I Paesi Bassi sono il migliore esempio al mondo di centro poliurbano, meglio conosciuto come Randstad o “Città-anello”. Una necessità per chi deve organizzarsi in un territorio di 41mila chilometri quadrati in buona parte strappati al mare. Il tutto è stato trasformato dagli olandesi in virtù, tradotta in razionalizzazione dello spazio: basti pensare che dentro allo stadio si infila una superstrada che lo attraversa da sotto.
Una comunità che dopo 20 anni può godere non di una stadio, ma di un’area dove fare quattro passi, fare un giro al centro commerciale e mangiare un’ala di pollo fritta o un cono di frieten, le patate fritte che qui vanno forte come in Belgio. E se siete qui in vacanza, nei giorni in cui non si gioca a calcio o non si esibisce Beyoncé ci si può dare al turismo con il tour dello stadio. Lo schema è quello classico, seguito ormai nella maggior parte dei grandi impianti d’Europa: una guida, che parla inglese perfettamente, ti porta in giro per le viscere dello stadio, facendoti entrare negli spogliatoi (quello dell’Ajax sembra un’astronave, altro che le panche in legno di una volta, chissà se Cruijff avrebbe gradito) e portandoti in giro tra spalti e campo, per poi finire nel museo del club, dove coppe, maglie e ritagli di giornale ti fanno capire dove sei e di cosa parliamo quando parliamo di Ajax. Ovviamente, qui Johan ha uno spazio tutto per sé.

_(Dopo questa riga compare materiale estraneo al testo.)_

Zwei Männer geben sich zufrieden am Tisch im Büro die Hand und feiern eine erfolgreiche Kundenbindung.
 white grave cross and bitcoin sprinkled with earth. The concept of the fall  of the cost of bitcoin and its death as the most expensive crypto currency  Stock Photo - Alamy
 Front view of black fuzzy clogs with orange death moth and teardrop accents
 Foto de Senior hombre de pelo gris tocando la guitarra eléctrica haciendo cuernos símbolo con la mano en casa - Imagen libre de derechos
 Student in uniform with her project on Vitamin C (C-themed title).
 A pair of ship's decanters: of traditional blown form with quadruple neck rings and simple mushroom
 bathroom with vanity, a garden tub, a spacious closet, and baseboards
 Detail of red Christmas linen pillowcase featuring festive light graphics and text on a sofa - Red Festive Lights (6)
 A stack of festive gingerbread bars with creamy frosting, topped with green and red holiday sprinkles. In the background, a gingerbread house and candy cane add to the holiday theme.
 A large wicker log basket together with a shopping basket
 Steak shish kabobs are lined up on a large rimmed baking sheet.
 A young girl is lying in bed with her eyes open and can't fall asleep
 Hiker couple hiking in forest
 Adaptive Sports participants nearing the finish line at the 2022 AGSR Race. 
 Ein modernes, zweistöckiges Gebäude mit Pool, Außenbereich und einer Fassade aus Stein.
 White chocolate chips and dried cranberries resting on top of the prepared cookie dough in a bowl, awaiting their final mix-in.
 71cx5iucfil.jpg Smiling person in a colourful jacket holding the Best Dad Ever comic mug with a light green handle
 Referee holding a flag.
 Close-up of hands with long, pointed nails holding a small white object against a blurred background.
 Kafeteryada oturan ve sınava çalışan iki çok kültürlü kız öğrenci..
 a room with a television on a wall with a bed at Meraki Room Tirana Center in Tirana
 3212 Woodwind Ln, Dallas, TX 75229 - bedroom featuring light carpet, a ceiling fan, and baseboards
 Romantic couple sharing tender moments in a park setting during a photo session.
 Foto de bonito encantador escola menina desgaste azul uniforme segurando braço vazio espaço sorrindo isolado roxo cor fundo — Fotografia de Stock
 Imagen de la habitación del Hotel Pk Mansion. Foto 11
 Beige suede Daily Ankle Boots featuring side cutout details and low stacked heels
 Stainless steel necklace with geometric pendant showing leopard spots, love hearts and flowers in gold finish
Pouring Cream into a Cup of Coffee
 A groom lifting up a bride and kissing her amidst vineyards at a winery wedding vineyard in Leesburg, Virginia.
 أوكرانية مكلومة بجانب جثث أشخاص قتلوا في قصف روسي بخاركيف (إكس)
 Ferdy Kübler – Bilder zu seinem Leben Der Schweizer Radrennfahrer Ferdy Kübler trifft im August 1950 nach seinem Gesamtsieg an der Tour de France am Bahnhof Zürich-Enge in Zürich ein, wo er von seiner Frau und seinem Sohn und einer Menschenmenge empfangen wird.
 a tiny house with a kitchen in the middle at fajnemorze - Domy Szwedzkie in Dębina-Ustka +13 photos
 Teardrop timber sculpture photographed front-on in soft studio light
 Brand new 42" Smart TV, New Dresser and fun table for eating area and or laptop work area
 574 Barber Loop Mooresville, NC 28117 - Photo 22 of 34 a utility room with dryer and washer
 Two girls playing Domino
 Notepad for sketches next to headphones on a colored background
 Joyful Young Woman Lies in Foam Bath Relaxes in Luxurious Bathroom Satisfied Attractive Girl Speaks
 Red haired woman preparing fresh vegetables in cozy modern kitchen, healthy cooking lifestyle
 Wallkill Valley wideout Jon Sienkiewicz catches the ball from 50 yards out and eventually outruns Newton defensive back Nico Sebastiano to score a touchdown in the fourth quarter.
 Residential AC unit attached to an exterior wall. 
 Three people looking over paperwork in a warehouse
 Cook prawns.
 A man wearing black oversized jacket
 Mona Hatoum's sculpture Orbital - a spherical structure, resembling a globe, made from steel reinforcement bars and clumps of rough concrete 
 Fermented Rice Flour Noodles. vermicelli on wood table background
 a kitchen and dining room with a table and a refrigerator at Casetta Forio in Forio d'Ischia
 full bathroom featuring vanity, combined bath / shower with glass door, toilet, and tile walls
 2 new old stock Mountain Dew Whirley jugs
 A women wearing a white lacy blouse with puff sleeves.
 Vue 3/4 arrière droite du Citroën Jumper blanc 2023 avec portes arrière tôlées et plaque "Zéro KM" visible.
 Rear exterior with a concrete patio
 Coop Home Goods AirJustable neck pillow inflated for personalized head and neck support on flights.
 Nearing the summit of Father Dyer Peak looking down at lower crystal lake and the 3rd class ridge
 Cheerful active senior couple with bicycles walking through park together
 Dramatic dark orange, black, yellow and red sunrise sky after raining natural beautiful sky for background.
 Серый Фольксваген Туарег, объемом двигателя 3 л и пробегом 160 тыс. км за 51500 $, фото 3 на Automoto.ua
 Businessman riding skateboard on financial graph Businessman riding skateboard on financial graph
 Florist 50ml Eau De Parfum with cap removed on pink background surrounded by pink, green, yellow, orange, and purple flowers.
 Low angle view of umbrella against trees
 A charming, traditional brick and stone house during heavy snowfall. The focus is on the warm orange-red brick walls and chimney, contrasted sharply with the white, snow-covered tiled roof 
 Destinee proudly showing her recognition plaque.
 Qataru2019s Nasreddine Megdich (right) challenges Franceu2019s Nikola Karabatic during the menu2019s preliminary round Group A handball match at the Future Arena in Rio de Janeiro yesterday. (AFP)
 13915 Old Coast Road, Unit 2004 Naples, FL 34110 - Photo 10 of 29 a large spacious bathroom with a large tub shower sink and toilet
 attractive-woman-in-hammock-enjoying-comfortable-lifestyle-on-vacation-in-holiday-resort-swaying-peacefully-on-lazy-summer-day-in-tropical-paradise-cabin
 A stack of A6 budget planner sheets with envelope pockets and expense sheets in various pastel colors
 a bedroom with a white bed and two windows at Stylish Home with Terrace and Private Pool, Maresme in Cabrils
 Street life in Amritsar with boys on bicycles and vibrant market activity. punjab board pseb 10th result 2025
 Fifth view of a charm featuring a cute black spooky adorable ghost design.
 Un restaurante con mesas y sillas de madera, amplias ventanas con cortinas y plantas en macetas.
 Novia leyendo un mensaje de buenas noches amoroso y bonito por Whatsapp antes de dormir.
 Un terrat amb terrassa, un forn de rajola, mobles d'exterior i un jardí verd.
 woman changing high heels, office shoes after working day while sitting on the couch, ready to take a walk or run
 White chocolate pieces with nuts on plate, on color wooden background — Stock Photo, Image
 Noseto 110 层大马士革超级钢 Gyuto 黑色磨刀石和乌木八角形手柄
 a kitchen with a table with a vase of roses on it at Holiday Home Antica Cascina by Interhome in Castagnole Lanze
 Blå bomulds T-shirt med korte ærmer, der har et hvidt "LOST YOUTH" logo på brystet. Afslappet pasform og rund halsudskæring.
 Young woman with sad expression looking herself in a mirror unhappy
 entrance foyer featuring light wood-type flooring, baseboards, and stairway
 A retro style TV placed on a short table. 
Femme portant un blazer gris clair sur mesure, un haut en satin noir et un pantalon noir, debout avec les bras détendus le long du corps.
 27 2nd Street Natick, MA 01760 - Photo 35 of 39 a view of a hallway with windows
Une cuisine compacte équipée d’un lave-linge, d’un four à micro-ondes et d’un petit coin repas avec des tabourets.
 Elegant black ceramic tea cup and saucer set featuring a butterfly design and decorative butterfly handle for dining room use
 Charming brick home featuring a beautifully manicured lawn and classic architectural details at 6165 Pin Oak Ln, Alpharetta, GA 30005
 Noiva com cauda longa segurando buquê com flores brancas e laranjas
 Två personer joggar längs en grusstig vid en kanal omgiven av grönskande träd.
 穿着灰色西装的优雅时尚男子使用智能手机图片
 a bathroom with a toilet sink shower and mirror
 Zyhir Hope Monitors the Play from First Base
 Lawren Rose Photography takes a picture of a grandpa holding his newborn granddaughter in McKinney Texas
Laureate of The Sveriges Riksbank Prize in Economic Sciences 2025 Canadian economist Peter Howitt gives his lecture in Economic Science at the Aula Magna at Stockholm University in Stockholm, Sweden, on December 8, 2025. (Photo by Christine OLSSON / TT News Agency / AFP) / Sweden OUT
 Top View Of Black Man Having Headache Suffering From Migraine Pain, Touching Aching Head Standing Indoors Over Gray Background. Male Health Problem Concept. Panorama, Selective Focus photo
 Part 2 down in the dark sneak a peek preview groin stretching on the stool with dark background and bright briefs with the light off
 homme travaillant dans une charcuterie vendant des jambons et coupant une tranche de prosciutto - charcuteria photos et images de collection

Le guide del tour dell’Arena, poi, sono molto orgogliose. Quando una di loro ci guida attraverso il corridoio con le foto dei giocatori che hanno fatto la storia del club (chi scrive è stato l’unico in un gruppo di venti persone a riconoscere Litmanen, non per vantarci), arrivati all’altezza di Ibrahimovic spiega: “Dopo il Psg poteva tornare qui, ma ha detto che voleva fare la Champions. Poi è andato allo United, che mica ci gioca in Champions. Fino ad ora lì ha avuto 24 occasioni da gol. E sapete quante volte ha segnato?”. Solo quattro. E non potrà rifarsi qui nel 2020, all’Europeo itinerante, visto che ha dato l’addio alla nazionale svedese. L’Arena ospiterà quattro partite, tra cui un ottavo di finale. Per arrivare pronto all’evento, subirà alcune modifiche: l’allargamento della capienza fino a un massimo di 58mila posti e una nuova copertura attorno agli spalti, che lo renderà simile all’Allianz Arena anche nel colore: rosso. Il futuro era qui e ci sarà ancora.